And of course I was proud of his paying attention to me in spite of my
having lost my post. I think I could have got a job in his father's shop
but--anyhow, I'm looking for a job now."
"Are you? I hope you'll find a good one."
"That's just the point. But I'm not getting any job at all. That is, I
shall in the end, of course, but--well, for instance, in old Flaten's
shop--I shouldn't fit in there."
"Not very good pay either, I expect?"
"I'm sure it's not. And then--I don't know; I feel I know too much for it.
That wretched academic training of mine does nothing but harm. Oh, well,
let's not talk any more about me. It must be late; I'd better go."
I saw her to her door, said good night, and went home. I thought about her
ceaselessly. It was wintry weather, with raw streets and an invisible sky.

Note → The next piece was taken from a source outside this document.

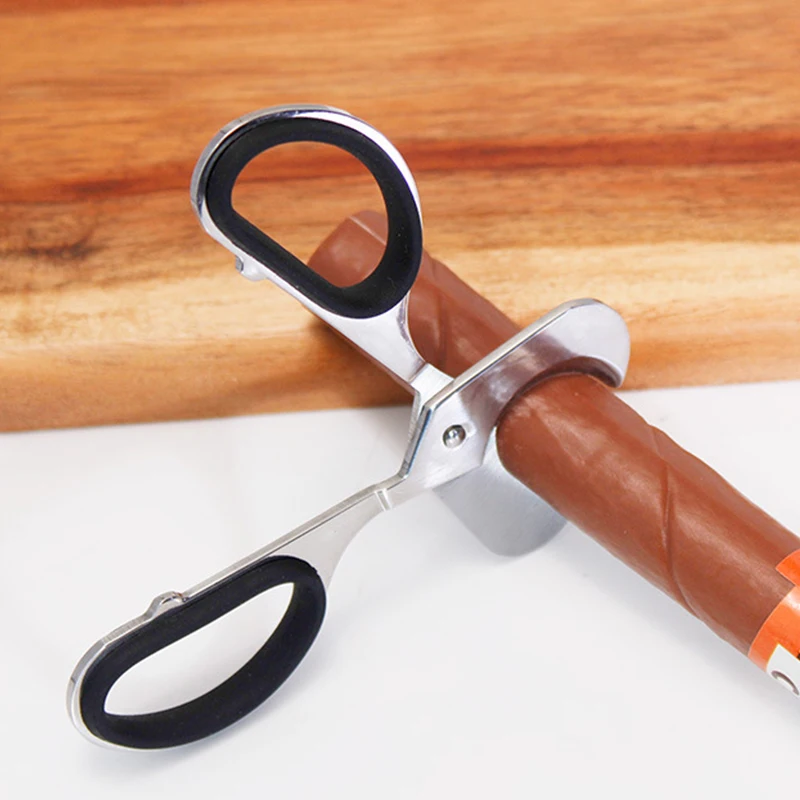 Super Sharp Double Blade Pocket Knife High Quality Stainless Steel Silver Portable Rubber Ring Cigar Cigar Scissors Accessories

No, really, she's not suited for marriage. No man is served with a wife
who is nothing but a student. Why has no one in the country noticed what
the young women are coming to! Miss Torsen's tale of the wild party proved
how accustomed she was to sitting and listening, and then herself
disgorging endless tales. She had done it very well and not omitted much,
but she paid attention only to the fun. A grown-up, eternal schoolgirl,
one who had studied her life away.
When I reached my own door, Miss Torsen arrived there at the same time;
she had been close at my heels all the way. I guessed this from the fact
that she was not in the least breathless as she spoke.
"I forgot to ask you to forgive me," she said.
"My dear girl--?"
"Oh, for saying what I did. You mustn't subscribe. I'm so sorry about
that. Please be kind and forgive me."
She took my hand and shook it.
In my amazement I stammered:
"It was really a very witty remark: a human journal--ha, ha! Now don't
stand there and get cold; put your gloves on again. Are you walking back?"
"Yes. Good night. Forgive me for the whole evening."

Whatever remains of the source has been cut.